Abstract
Aim: p53 is reportedly activated without any genotoxicity through redox modulation of redox factor 1 (REF1). REF1 is documented to modulate the redox status under selenomethionine (SeMet). In this study, we investigated the mechanism of p53 stabilization by SeMet. Materials and Methods: We mainly used ubiquitination assay and immunoprecipitation to determine the potential role of REF1 and c-jun N-terminal kinase 1 (JNK) in modulation of p53 stabilization by SeMet. Results: The amount of ubiquitinated p53 decreased significantly under SeMet treatment, suggesting that SeMet might inhibit the proteasome-dependent degradation of p53. In addition, we observed that JNK was considerably associated with p53 in REF1 siRNA-treated cells, implying a possible role for SeMet-induced REF1 activity in modulation of the interaction between JNK and p53 via changes in p53 redox status. Conclusion: Our results suggest that the alternate mechanism of p53 stabilization by SeMet might provide an important clue in elucidating the molecular mechanism of chemopreventative compounds against various oxidative stresses.
Selenium has been identified as a potent chemopreventive agent and was reported to protect against the development of cancer in human populations (1, 2). Several organic and inorganic selenium compounds were screened for their chemopreventive properties against cancer (3). One of the several chemical forms of selenium, selenomethionine (SeMet), is the major component of dietary selenium. The recommended daily allowance (RDA) of dietary selenium by the U.S. Food and Drug Administration is specified to be 50 μg per day, and the RDA can be exceeded by four-fold with no toxicity. Studies using animal carcinogenesis models have found strong evidence that a monomethyl selenium metabolite pool, perhaps methylselenol, is a selenium species with chemopreventive activity, although the molecular mechanisms of SeMet have not yet been clearly established.
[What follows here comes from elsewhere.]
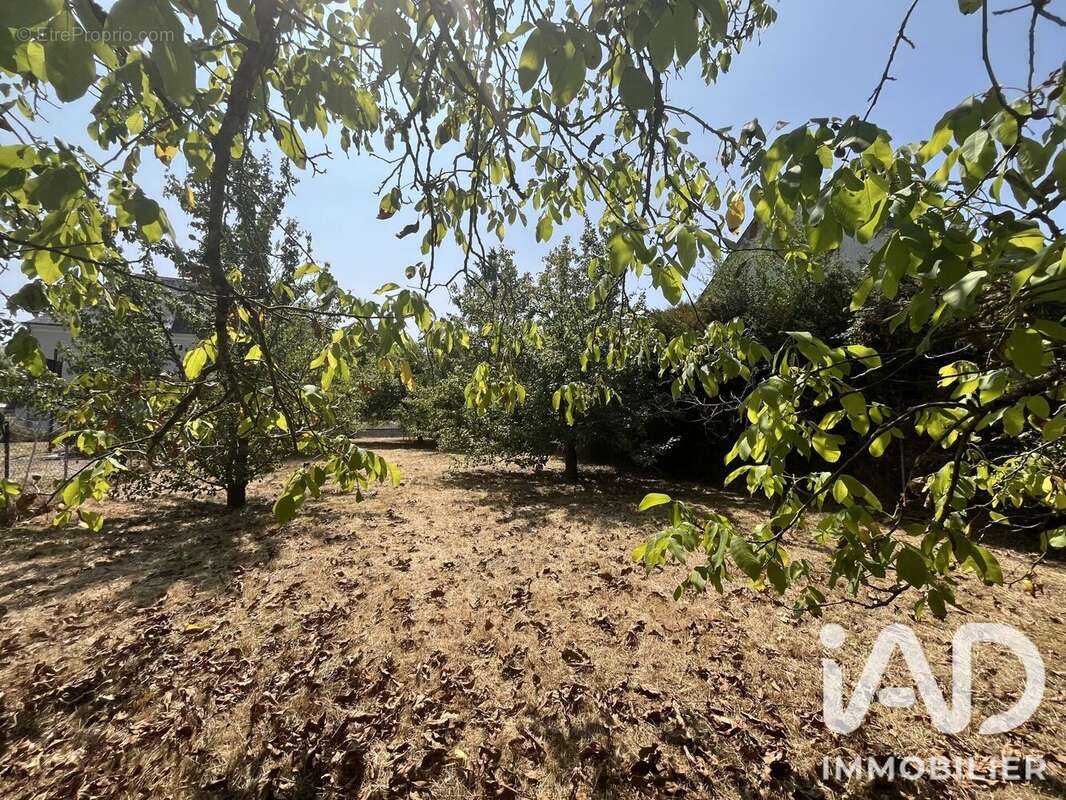 Terrain 391 m² à Sainte-Catherine-De-Fierbois  - photo 2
A possible role for the activation of the tumor suppressor p53 in chemoprevention by SeMet has been suggested by previous studies from our group (4, 5). Moreover, it was suggested that p53 might be activated by redox modulation of redox factor 1 (APE1/REF1) in response to SeMet (5). APE/REF1, also known as HAP-1, is a bifunctional enzyme with two separate catalytic domains: one domain has thiol reductase activity, while the other is an apurinic/apyrimidinic (AP) endonuclease (6). Furthermore, REF1 was shown to be sensitive to changes in redox status and facilitate DNA binding and activation of transcription factors including activator protein-1 (AP-1), cAMP response element binding protein (CREP), activating transcription factor (ATF), and p53 via the reduction of a cysteine residue (7).
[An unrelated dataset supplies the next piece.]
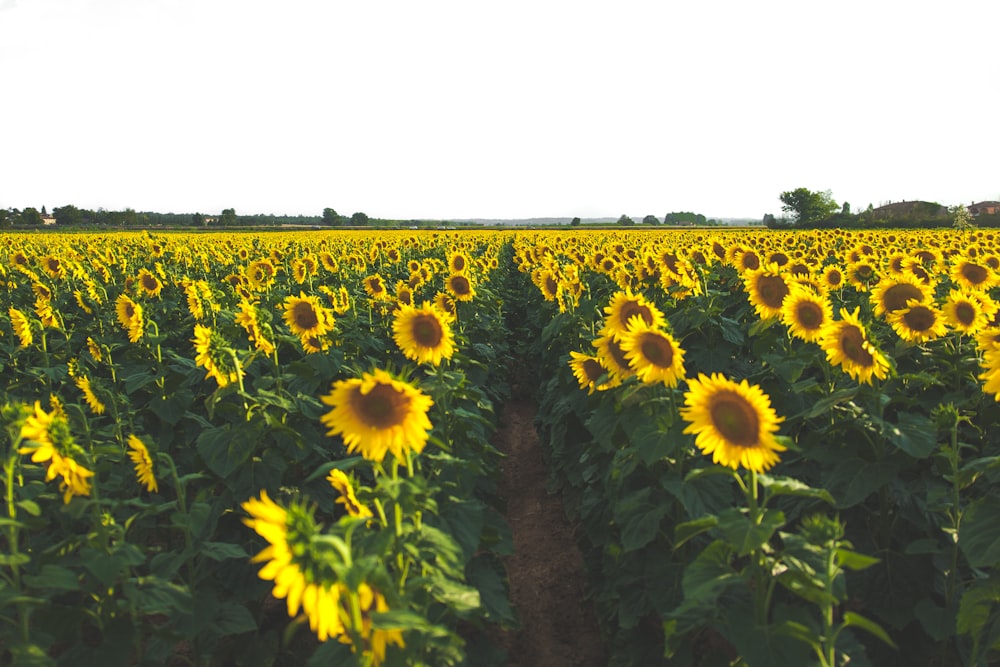 campo di girasole giallo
On the other hand, p53 has been studied for its role in mechanisms of basal control of protein levels because of its protective function against genotoxic stresses. In its latent (inactive) form, p53 is constitutively unstable and adopts a conformation in which the extreme C-terminal domains hinder the interactions of the DNA-binding domain with its target (8). Activation of p53 proceeds through coordinated steps, including escape from proteasome-dependent degradation, release of the negative inhibition carried by the C-terminus, and conversion of the conformation of the DNA-binding domain into a form with high affinity for target DNA (9).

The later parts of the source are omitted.